Atas aksinya ini, ia berharap kepolisian bisa menghargai profesi pengacara. Sebab menurutnya advokat, kepolisian, jaksa dan hakim punya posisi yang sebanding dalam hal penegakan hukum. “Intinya saya melakukan itu agar sebagai pembelajaran bagi semua aparat penegak hukum, bahwa advokat adalah penegak hukum yang sama dan sebanding dengan kepolisian, kejaksaan, hakim dan sebagainya. Saya harap polisi profesional,” katanya.

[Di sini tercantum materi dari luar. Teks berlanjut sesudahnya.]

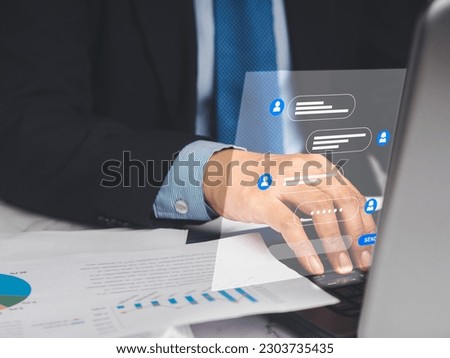 Businessman in a suit typing on a keyboard laptop with live chat chatting on application communication digital media websites and social network. Concept of technology and communication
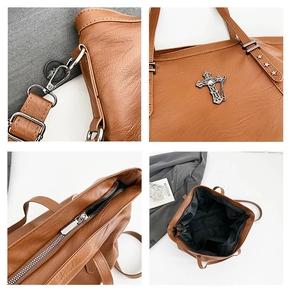 Detail view of brown tote bag hardware, star strap, metal cross and spacious interior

Nanang mengaku tak terima lantaran marwah advokat telah direndahkan. Hal itu menyusul intervensi seorang aparat kepolisian terhadap pendampingan hukum yang dilakukan Nanang kepada salah seorang kliennya. “Saya tidak terima selaku advokat, karena menurut undang-undang kami adalah aparat penegak hukum yang sama dan sebanding dengan mereka semua, saya tidak terima,” ujarnya.[1]
Dasar Hukum
UU.RI. No. 18 tahun 2003 tentang Advokat
Pasal 1 Ayat (1) UURI No. 18 tahun 2003 tentang advokat (UU advokat), berbunyi :
“Advokat adalah orang yang berprofesi memberi jasa hukum, baik di dalam maupun di luar pengadilan yang memenuhi persyaratan berdasarkan ketentuan Undang-undang”

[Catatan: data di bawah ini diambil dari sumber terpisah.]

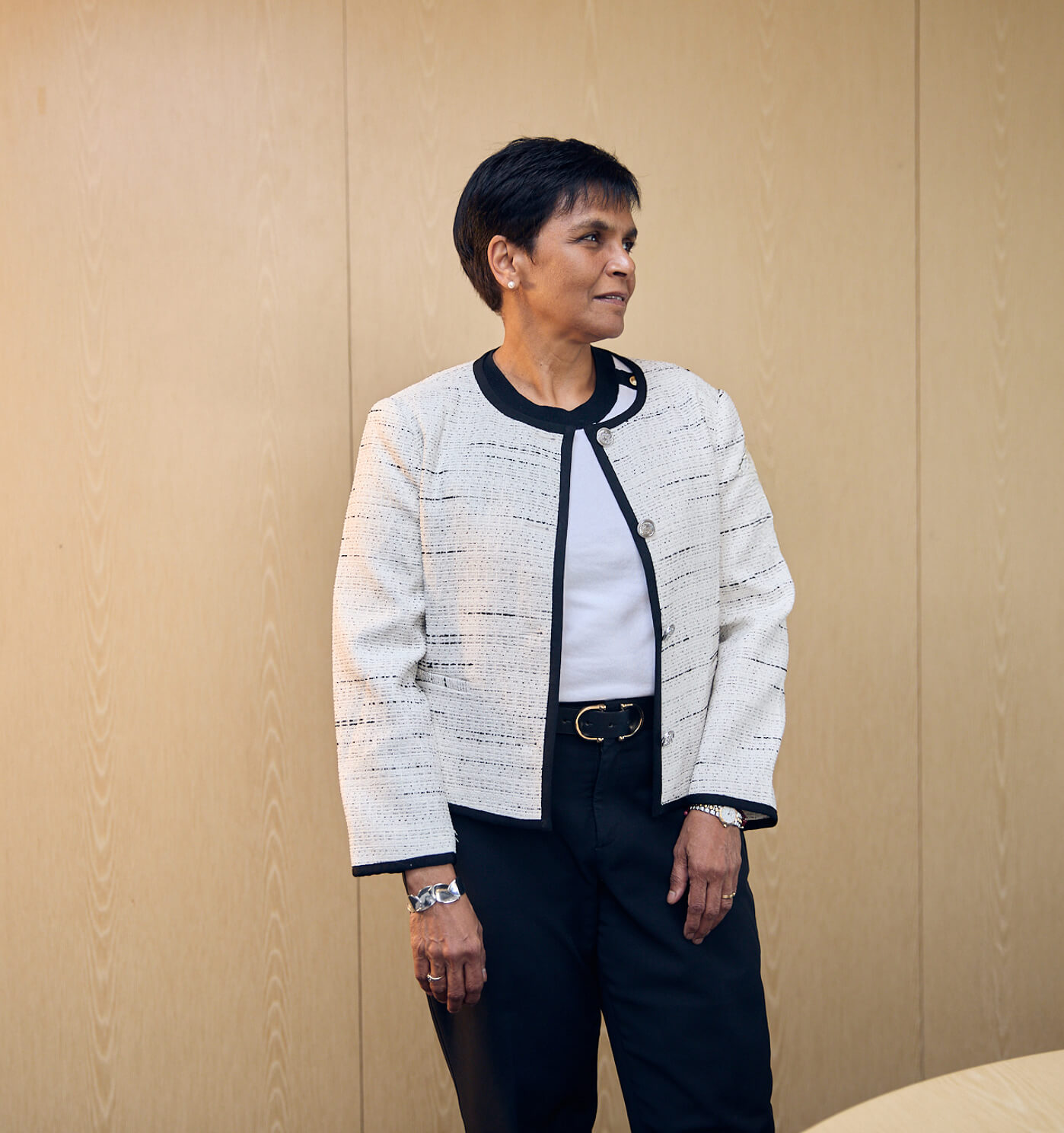A portrait of Delphine Cassidy standing in a boardroom looking off camera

Pasal 1 Ayat (1) UU Advokat, berbunyi :
“Jasa Hukum adalah jasa yang diberikan advokat berupa memberikan konsultasi hukum, bantuan hukum, menjalankan kuasa, mewakili, mendampingi, membela dan melakukan Tindakan hukum lain untuk kepentingan hukum klien”.
Pasal 1 Ayat (2) UU Advokat, berbunyi :
“klien adalah orang, badan hukum atau Lembaga lain yang menerima jasa hukum dari advokat”

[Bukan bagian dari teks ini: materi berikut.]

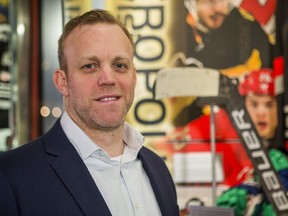 David Ayres at the Hockey Hall of Fame in Toronto, Ont. on Friday, Feb. 28, 2020. Hockey Hall of Fame added the stick (in background) used by Ayres as an emergency backup goalie in the game between Toronto Maple Leafs and the Carolina Hurricanes on Feb. 22, 2020. (Ernest Doroszuk/Toronto Sun/Postmedia Network)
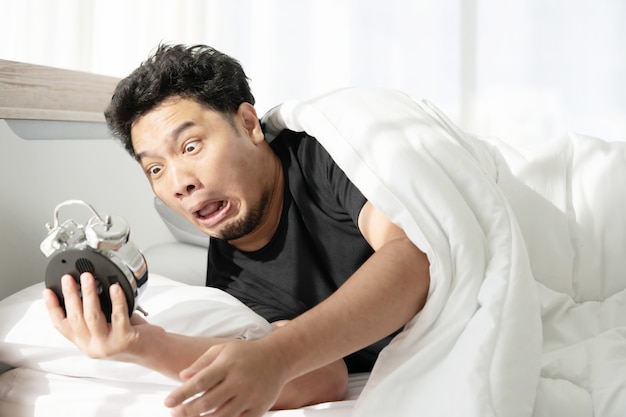 Photo a man with shocked face after wakeing up late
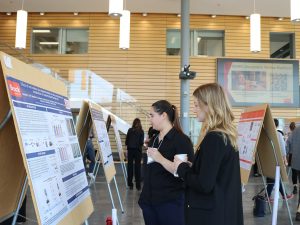 Two university students look at a research poster at a conference.
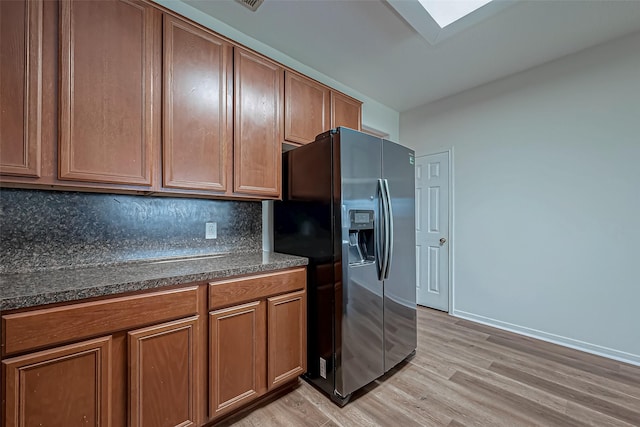 kitchen with a skylight, brown cabinetry, light wood-style floors, refrigerator with ice dispenser, and backsplash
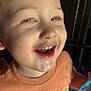 child, toddler, smile, face, orange_shirt, happy, teeth, closeup, expression, indoor, person, young_child, holding, blue_object, casual_clothing, cute, portrait, skin, eyelashes, mouth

Pasal 5 Ayat (1) UU Advokat, berbunyi :
“Advokat berstatus sebagai penegak hukum, bebas dan mandiri yang dijamin oleh hukum dan peraturan perudang”
UU.RI No. 8 tahun 1981 tentang Hukum Acara Pidana (KUHAP)
Melihat uraian fakta serta fakta media diatas, sebuah Organisasi Advokat pada dasarnya organ dalam arti yang luas dan bersifat mandiri yang juga melaksanakan fungsi negara. Pasal 5 ayat (1) UU Advokat mengenai status Advokat sebagai penegak hukum seharusnya dirinci dan diarahkan untuk memperkuat kewenangan Advokat. Termasuk memberi kemungkinan langkah hukum bagi Advokat terhadap penegak hukum lain yang melanggar hukum dan perundang-undangan. Dengan demikian, profesi Advokat memiliki peran penting dalam upaya penegakan hukum. Setiap proses hukum, baik pidana, perdata, tata usaha negara, selalu melibatkan profesi advokat yang kedudukannya setara dengan penegak hukum lainnya. Kewenangan Advokat dalam sistem penegakan hukum menjadi sangat penting guna menjaga keindependensian Advokat dalam menjalanakan profesinya dan juga menghindari adanya kesewenang-wenangan yang dilakukan oleh penegak hukum yang lain.